**EXERCISE DIRECTIONS**:
Please go line by line and repeat the data below exactly, with no images.

**GIVEN DATA**:
================

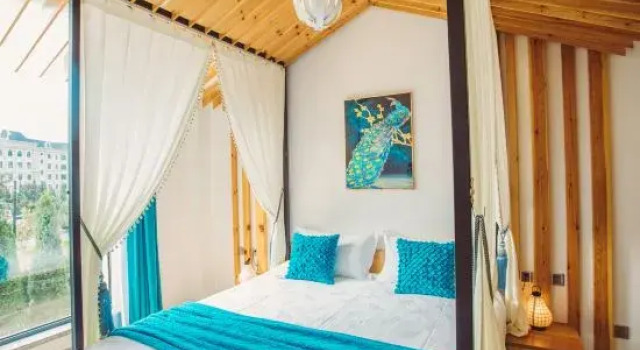 Jiujiu Inn, Book Hotel Hotels in Liaoning with Parking, Parking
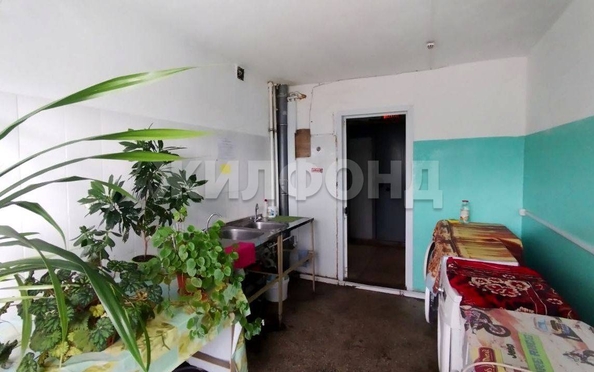 
  Продается комната, 18.7 м², Холодильная ул, д. 17/1
. Фото 10.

================

**ANSWER TO THE PROBLEM**:
 Jiujiu Inn, Book Hotel Hotels in Liaoning with Parking, Parking
  Продается комната, 18.7 м², Холодильная ул, д. 17/1
. Фото 10.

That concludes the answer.